For the year to May 31, adjusted profit before tax from continuing operations rose to £68.6m from £61.8m last year.
Revenue increased to £603.3m from £587.2m. A final dividend of 3.42p a share was declared, taking the total for the year to 6.09p each.
"The medium-term outlook remains in line with our expectations and we have confidence that our brand and market portfolio will emerge strongly once we cycle through the unprecedented demand for hygiene products at the start of the pandemic," said chief executive Jonathan Myers.
"We continue to navigate the well-publicised inflationary pressures on commodities and freight. We have a co-ordinated effort underway to reduce product, manufacturing and logistics costs that the consumer does not value while also accelerating our Revenue Growth Management plans to drive price / mix."

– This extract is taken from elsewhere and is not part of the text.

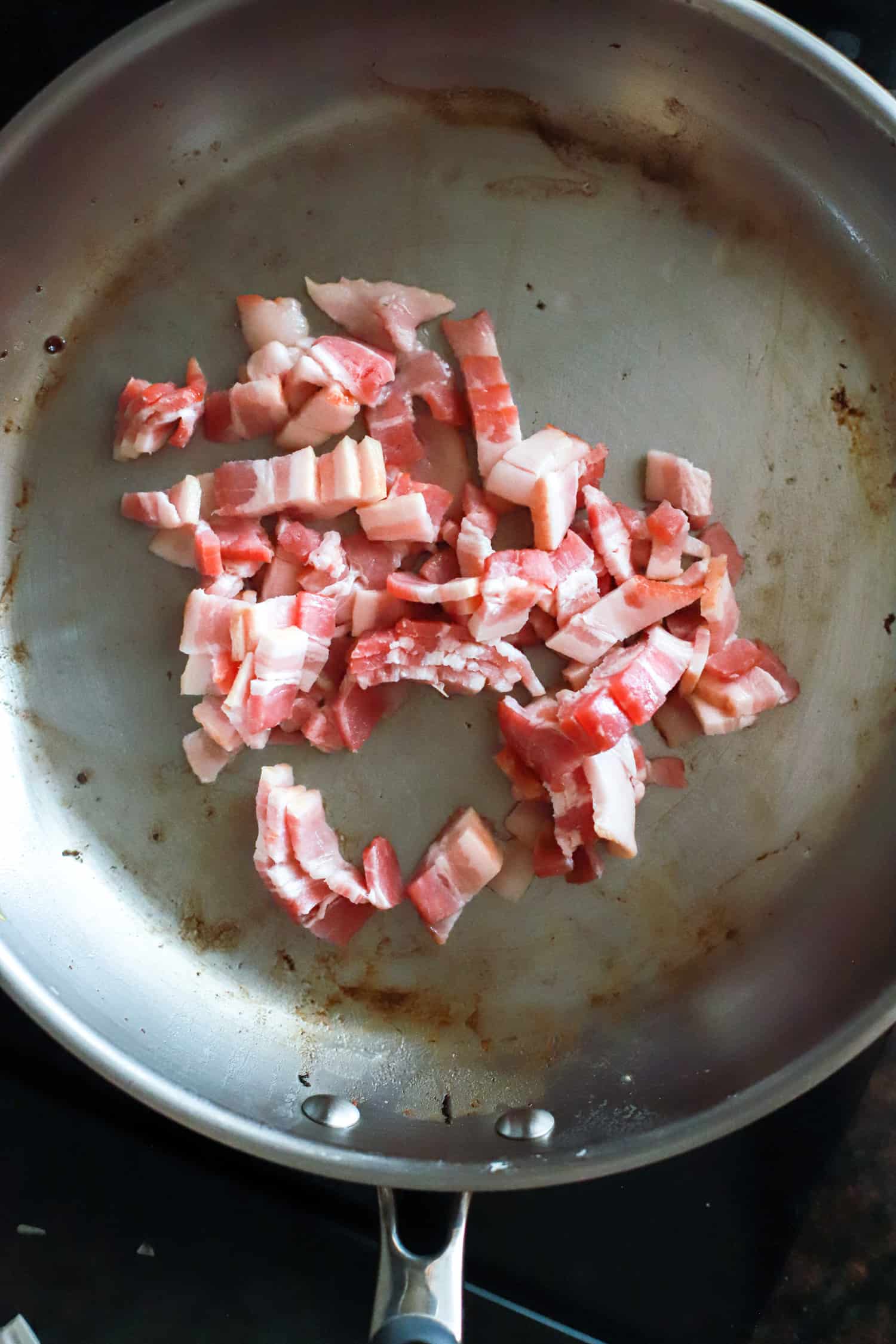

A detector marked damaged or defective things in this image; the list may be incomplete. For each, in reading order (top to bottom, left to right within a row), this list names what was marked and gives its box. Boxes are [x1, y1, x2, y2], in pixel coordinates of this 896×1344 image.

burnt residue spot [0, 554, 22, 615]
burnt residue spot [179, 914, 240, 957]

AJ Bell investment director Russ Mould said Cussons had tough comparators to beat, given how last year's reporting period saw an unprecedented surge in sales.

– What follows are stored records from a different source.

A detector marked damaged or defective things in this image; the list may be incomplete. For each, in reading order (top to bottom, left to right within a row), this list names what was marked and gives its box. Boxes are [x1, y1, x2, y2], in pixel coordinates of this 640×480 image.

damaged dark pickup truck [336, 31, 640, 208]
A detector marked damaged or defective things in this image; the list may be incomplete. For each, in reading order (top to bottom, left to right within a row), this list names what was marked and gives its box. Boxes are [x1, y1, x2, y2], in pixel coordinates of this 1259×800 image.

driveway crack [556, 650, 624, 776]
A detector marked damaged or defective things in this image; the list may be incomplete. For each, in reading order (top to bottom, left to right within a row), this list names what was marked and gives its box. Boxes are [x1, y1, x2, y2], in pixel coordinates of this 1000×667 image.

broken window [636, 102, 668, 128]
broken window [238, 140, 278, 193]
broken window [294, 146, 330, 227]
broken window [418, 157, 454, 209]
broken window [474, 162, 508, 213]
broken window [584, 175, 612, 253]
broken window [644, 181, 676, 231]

“Furthermore, last year it barely had to do any cut-price promotions to shift products as demand went through the roof, implying that profit per bottle could be less this year if it reverts to historical discounting trends," he said.
“Fast forward to the start of its new financial year and there are pressures across the board, principally tough comparative figures to beat, significant cost inflation and ongoing disruptions to supply chains. "
"The company says it should still hit earnings forecasts if life doesn’t get worse, but the sharp decline in its share price in response to the trading update would suggest that investors don’t believe it will hit those estimates.”